● To do
Find the line below that contains "Tapis de couloir olive Odenton". Transcribe it and every line after it exactly, adding nothing.

(Records from a collection)
☆ ☆ ☆ ☆ ☆
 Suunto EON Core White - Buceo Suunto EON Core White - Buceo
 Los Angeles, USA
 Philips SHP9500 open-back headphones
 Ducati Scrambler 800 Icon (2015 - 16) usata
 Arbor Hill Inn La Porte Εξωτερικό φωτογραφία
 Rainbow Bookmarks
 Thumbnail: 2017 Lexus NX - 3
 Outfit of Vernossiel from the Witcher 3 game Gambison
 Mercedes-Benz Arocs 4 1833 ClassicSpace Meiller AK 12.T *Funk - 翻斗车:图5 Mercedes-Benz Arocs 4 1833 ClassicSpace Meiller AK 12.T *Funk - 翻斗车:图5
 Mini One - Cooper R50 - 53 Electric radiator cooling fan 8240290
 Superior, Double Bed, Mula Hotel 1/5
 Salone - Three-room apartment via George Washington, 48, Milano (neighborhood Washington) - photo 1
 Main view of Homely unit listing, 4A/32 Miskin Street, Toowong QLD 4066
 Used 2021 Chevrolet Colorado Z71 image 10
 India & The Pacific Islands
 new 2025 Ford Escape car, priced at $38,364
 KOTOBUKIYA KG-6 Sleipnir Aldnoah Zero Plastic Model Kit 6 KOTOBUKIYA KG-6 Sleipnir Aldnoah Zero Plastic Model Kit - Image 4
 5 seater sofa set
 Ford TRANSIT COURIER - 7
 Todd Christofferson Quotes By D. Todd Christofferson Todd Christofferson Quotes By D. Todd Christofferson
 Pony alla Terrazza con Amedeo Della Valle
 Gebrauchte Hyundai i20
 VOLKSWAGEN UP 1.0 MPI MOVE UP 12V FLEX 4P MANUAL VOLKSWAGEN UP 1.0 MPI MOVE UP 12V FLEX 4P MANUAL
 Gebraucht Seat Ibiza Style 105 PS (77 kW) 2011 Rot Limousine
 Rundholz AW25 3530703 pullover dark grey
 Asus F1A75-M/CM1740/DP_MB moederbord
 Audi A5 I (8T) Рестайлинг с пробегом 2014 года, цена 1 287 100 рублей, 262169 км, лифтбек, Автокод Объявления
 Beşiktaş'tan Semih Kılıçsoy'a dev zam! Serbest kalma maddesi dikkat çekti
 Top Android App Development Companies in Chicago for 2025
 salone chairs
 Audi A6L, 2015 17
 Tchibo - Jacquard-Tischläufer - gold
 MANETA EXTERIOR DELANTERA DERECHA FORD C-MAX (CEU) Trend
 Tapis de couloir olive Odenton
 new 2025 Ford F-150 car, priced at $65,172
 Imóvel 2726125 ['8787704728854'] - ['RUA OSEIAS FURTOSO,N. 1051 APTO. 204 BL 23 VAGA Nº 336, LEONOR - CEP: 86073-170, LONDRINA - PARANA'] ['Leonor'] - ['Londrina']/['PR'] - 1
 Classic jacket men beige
☆ ☆ ☆ ☆ ☆
● Solution for this problem
 Tapis de couloir olive Odenton
 new 2025 Ford F-150 car, priced at $65,172
 Imóvel 2726125 ['8787704728854'] - ['RUA OSEIAS FURTOSO,N. 1051 APTO. 204 BL 23 VAGA Nº 336, LEONOR - CEP: 86073-170, LONDRINA - PARANA'] ['Leonor'] - ['Londrina']/['PR'] - 1
 Classic jacket men beige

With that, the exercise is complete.